New research from the Van Andel Institute has revealed that certain proteins modify their shape when exposed to various temperatures. The findings reveal previously unknown potential binding sites for medications.
The findings, published in Nature, could potentially revolutionize our understanding of biological processes. Currently, proteins are most commonly studied at low temperatures to ensure their stability. However, the novel findings of the research demonstrate that certain proteins are temperature-sensitive and could change the way future drug discovery researchers investigate protein binding sites.
"For a long time, the methods we've used to study proteins require them to be cold or frozen. But in the real world, human proteins exist and function at body temperature," said Juan Du. "Our study describes a new way to study proteins at body temperature and reveals that some proteins drastically alter their structures when warm, opening up new opportunities for structure-guided drug development."

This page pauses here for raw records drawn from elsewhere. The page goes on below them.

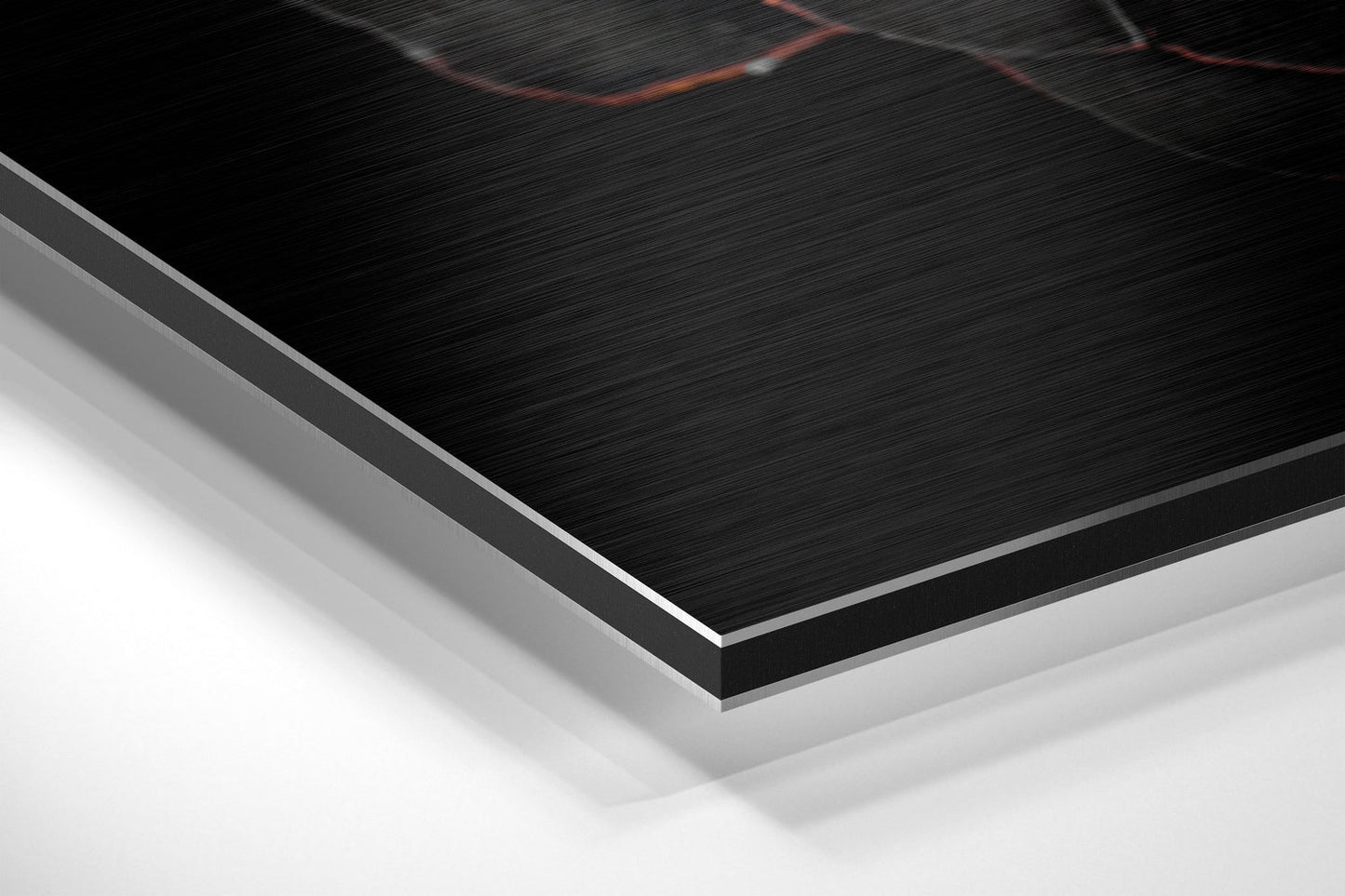 Close-up angled view of layered Dibond panel showing brushed black aluminum surface with silver edge and white backing layer.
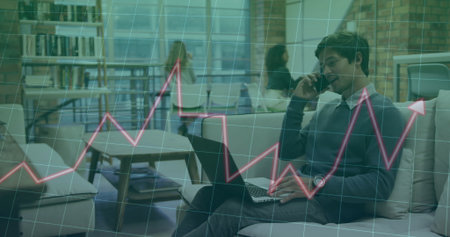 Man speaking on smartphone and typing on laptop in office lounge, with graph overlay, copy space. Collaboration, innovation, professional, modern, workspace, brainstorming, digitalの写真素材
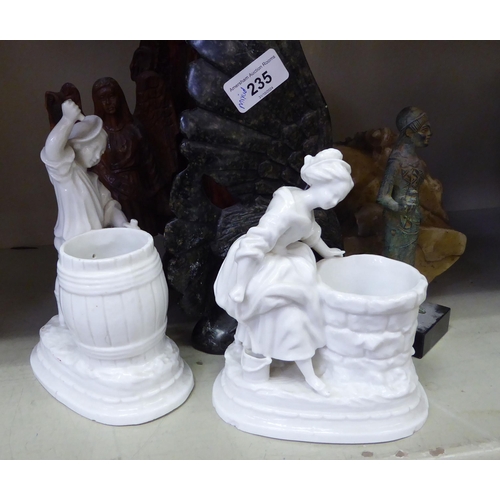 235 - A mixed lot: to include religious themed, carved wooden items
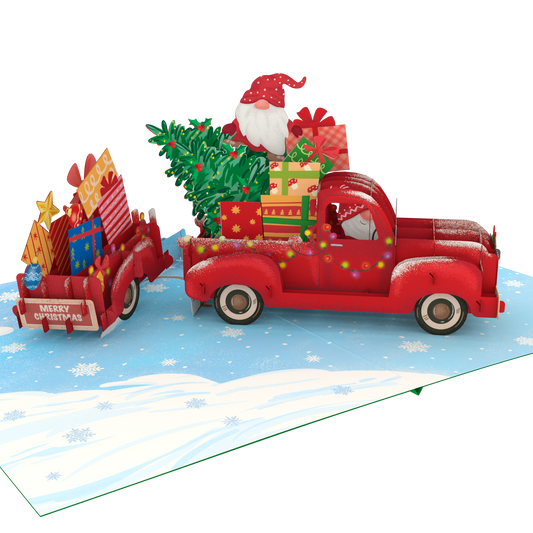 A 3D pop-up cardboard Christmas gift truck scene on a snowy blue ground. A red pickup truck carries a green Christmas tree and wrapped presents, with Santa Claus visible in the driver's seat.
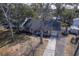Charming brick home featuring a cozy front porch and attached garage, nestled among mature trees at 886 Piccadilly Cir, Charleston, SC 29412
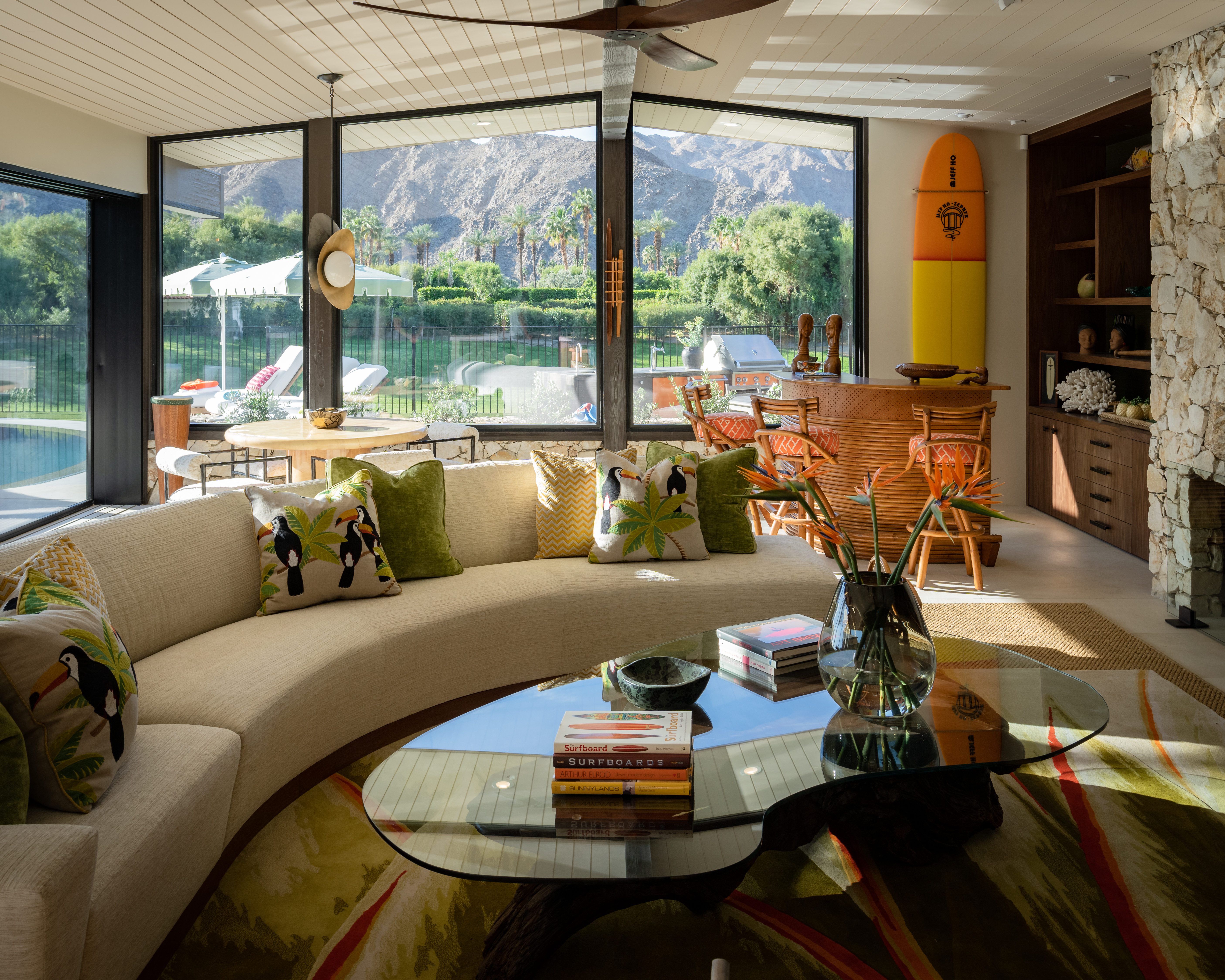 In the family room, Shannon Palmer of Shannon Design used curves galore—the sofa, the cocktail table, the semicircular bar, the round breakfast table—to subtly reference ocean waves. The vintage surfboard is a less-subtle reference. Find a similar ceiling fan here.
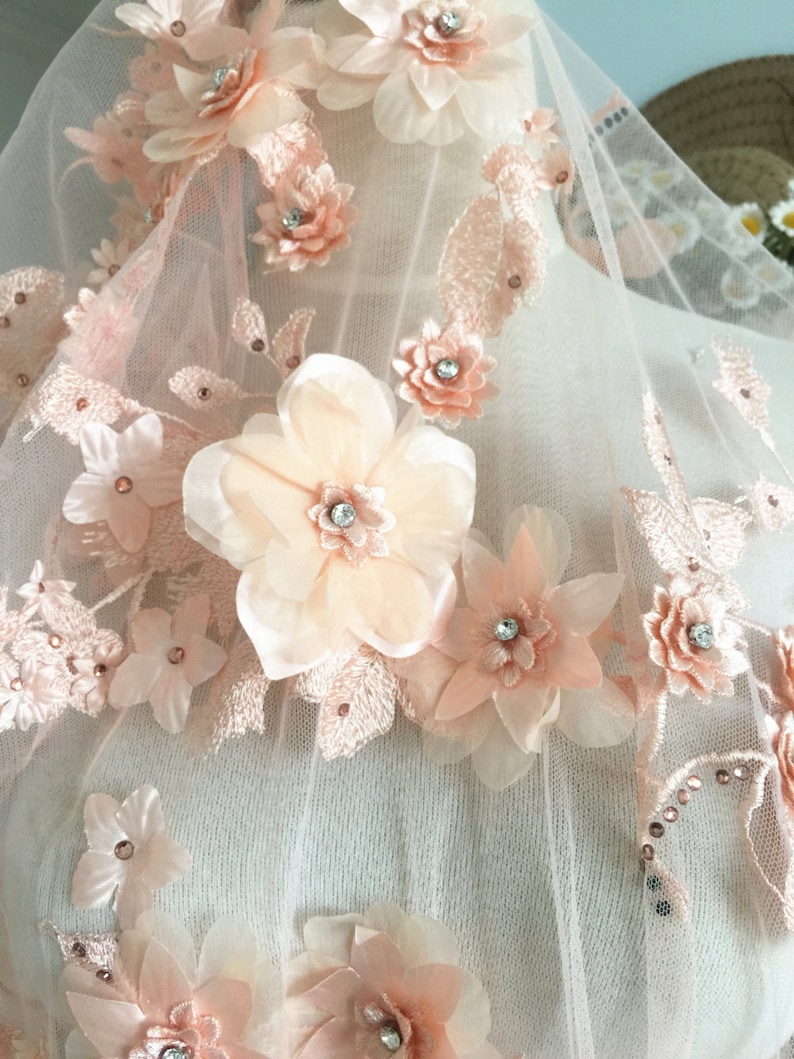 Puede incluir: Tela de encaje floral de color melocot&oacute;n con flores 3D y pedrer&iacute;a. La tela es transparente y delicada, perfecta para a&ntilde;adir un toque de elegancia a cualquier proyecto.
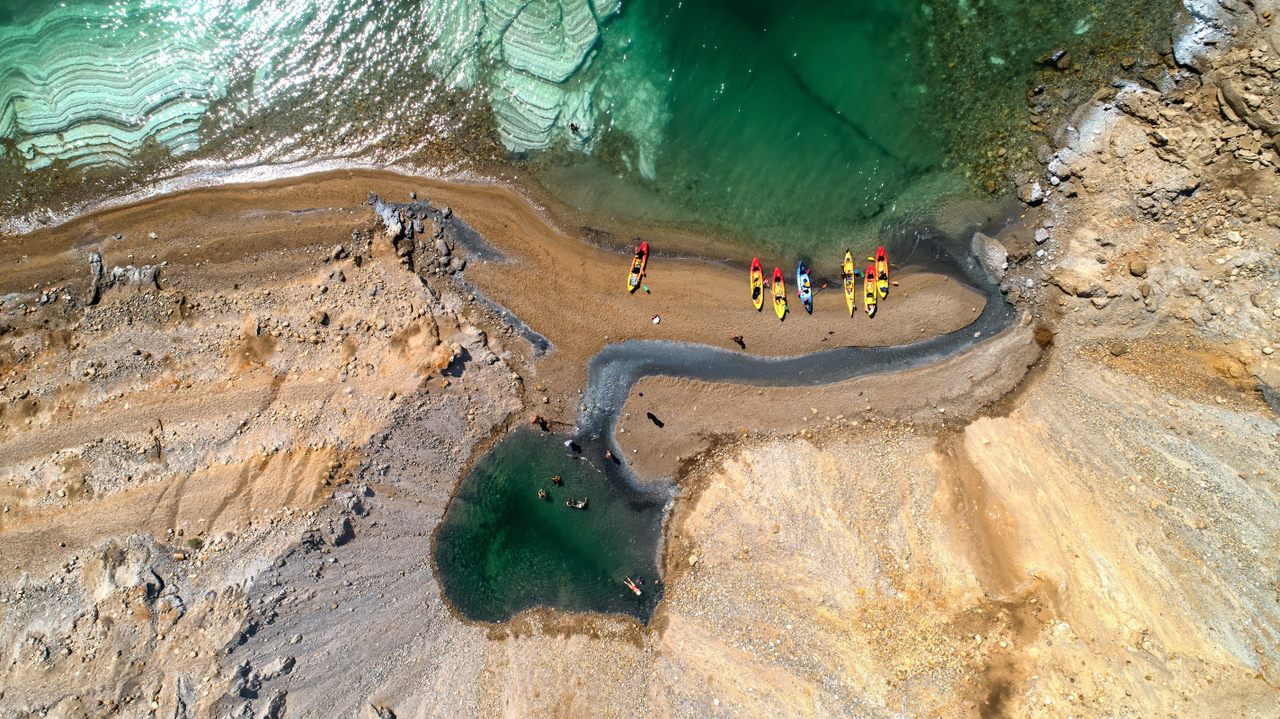 Kayakers visit a slumped sinkhole on the Dead Sea Coast. 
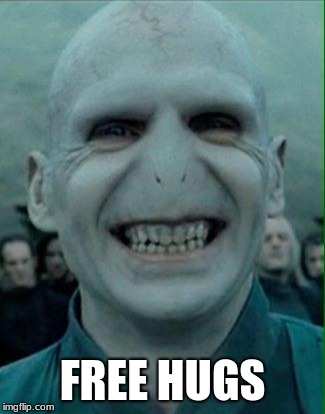 THEY R FREE | FREE HUGS | image tagged in voldemort grin | made w/ Imgflip meme maker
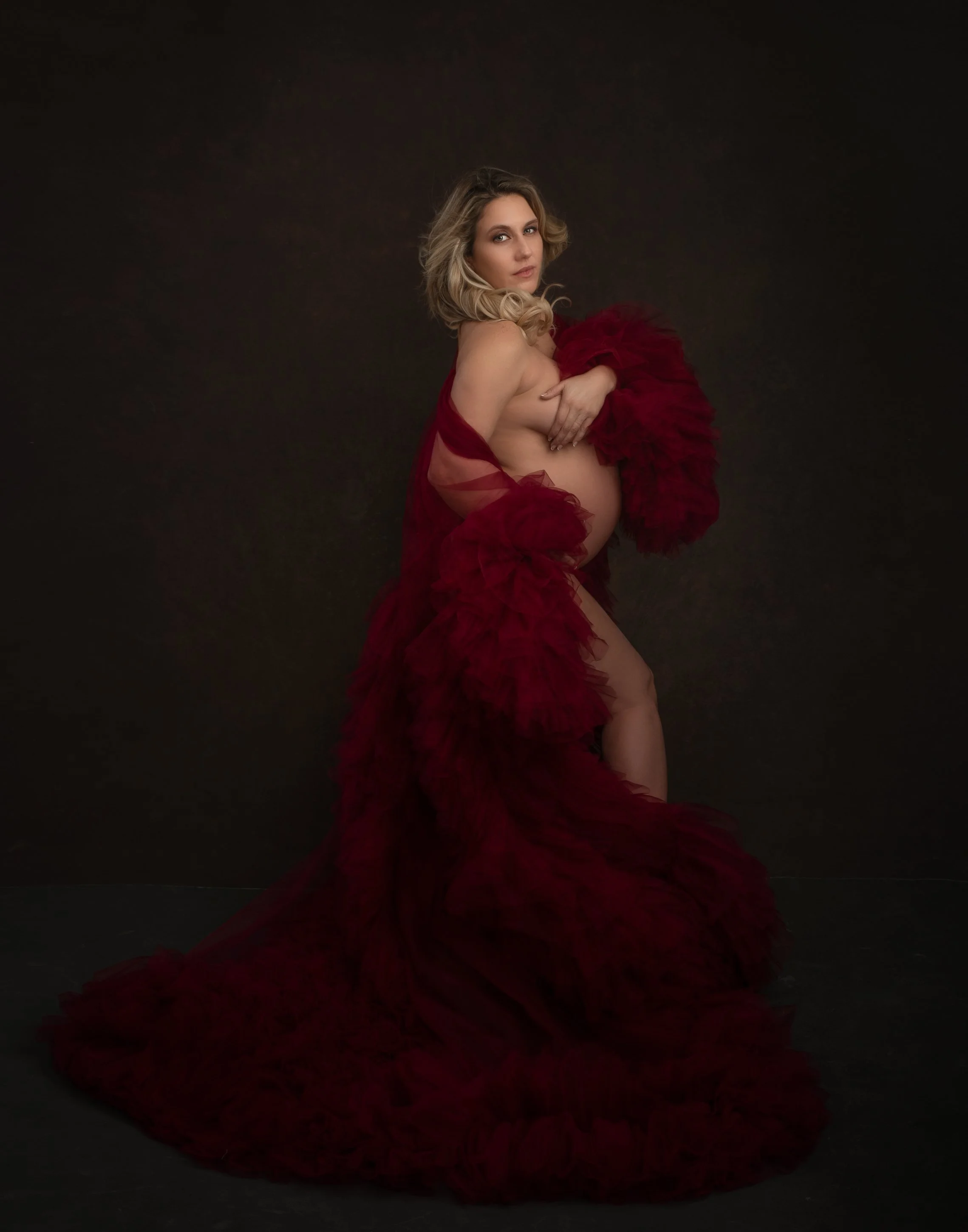 A pregnant woman draped in a flowing red tulle fabric against a dark background.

While it is well established that temperature can affect molecular functions, studying proteins at physiologically relevant temperatures has proven difficult. To overcome these challenges the researchers leveraged cryo-electron microscopes (cryo-EM) which allowed them to flash-freeze proteins and achieve highly detailed images of their structures. By heating the proteins to body temperature before flash freezing and imaging, the team discovered that ligands interact with different sites at body temperature versus lower temperatures.
The study's findings are impactful for several industries, particularly those involved with drug discovery and development, and reinforce the need to study proteins at body temperature. By investigating proteins at body temperature, researchers can identify novel physiologically relevant targets for drug-binding sites.